REQUIRED WORK » Reproduce word for word every line from the one containing "Schwarzer, flauschiger Pullover" to the final line of the data below; omit the pictures.

STORED DATA »
* * *

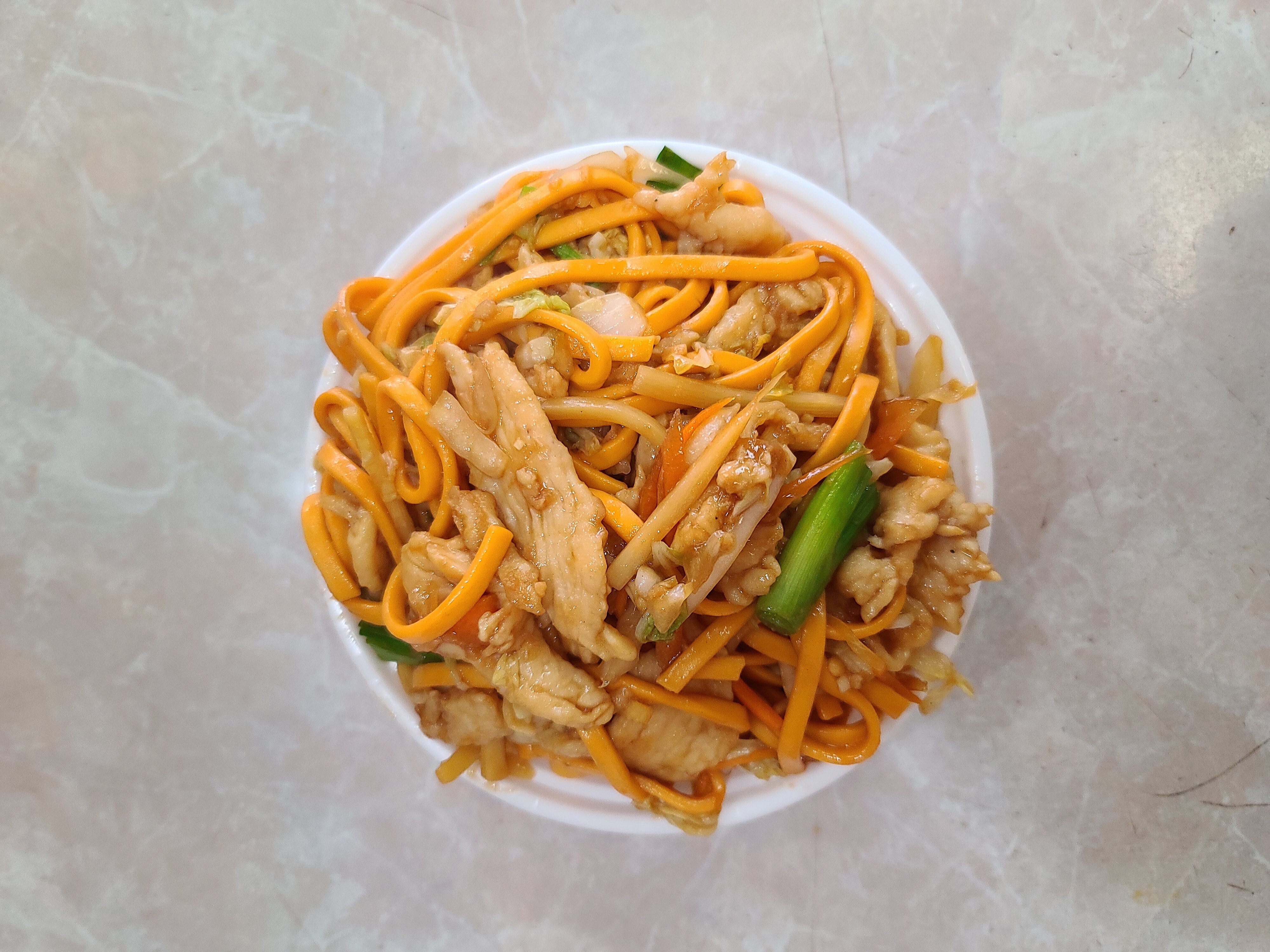 Order (Sm.) Chicken Lo Mein food online from China King store, Florissant on bringmethat.com
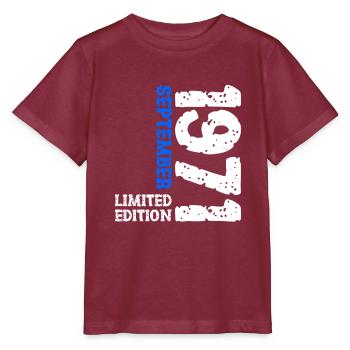 1971 September Limited Edition 52. Geburtstag Deko - Stanley/Stella Kinder T-Shirt MINI CREATOR  - Burgunderrot - Vorne - Kain (125cm)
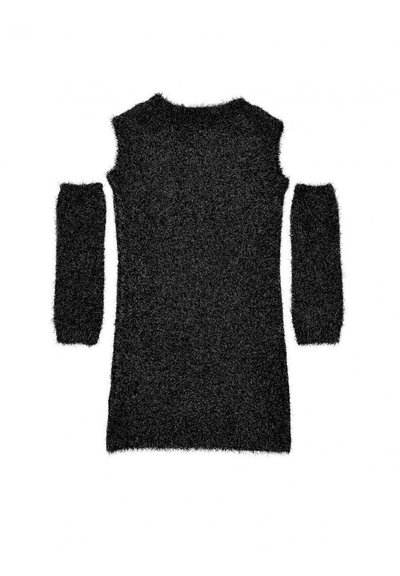 Schwarzer, flauschiger Pullover mit kaltem Schulterdesign, der lange Ärmel und eine strukturierte, weiche Optik aufweist. Das gestrickte Material verleiht Tiefe und Wärme.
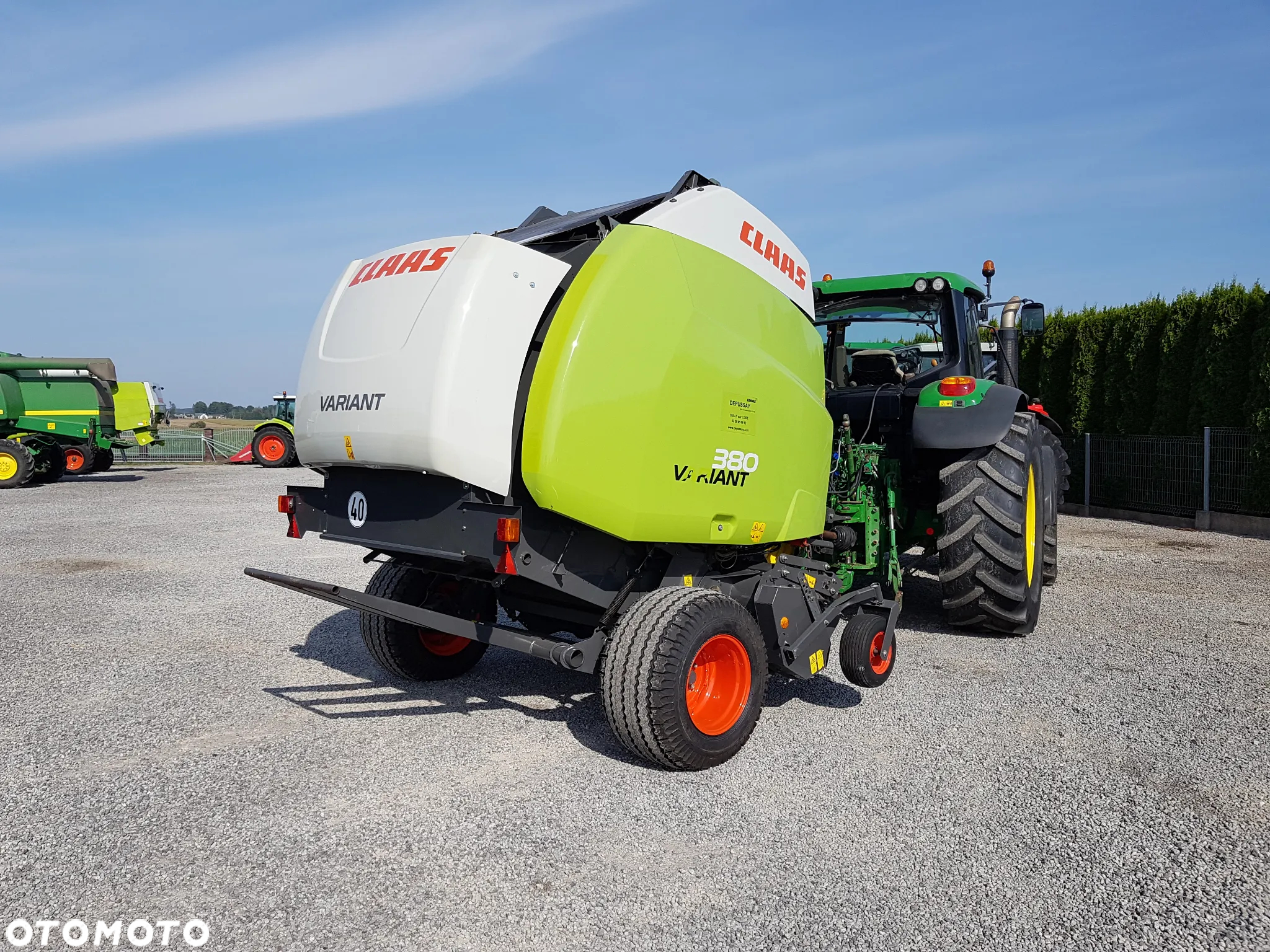 Claas VARIANT 380 - 13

* * *

TASK ANSWER »
 Schwarzer, flauschiger Pullover mit kaltem Schulterdesign, der lange Ärmel und eine strukturierte, weiche Optik aufweist. Das gestrickte Material verleiht Tiefe und Wärme.
 Claas VARIANT 380 - 13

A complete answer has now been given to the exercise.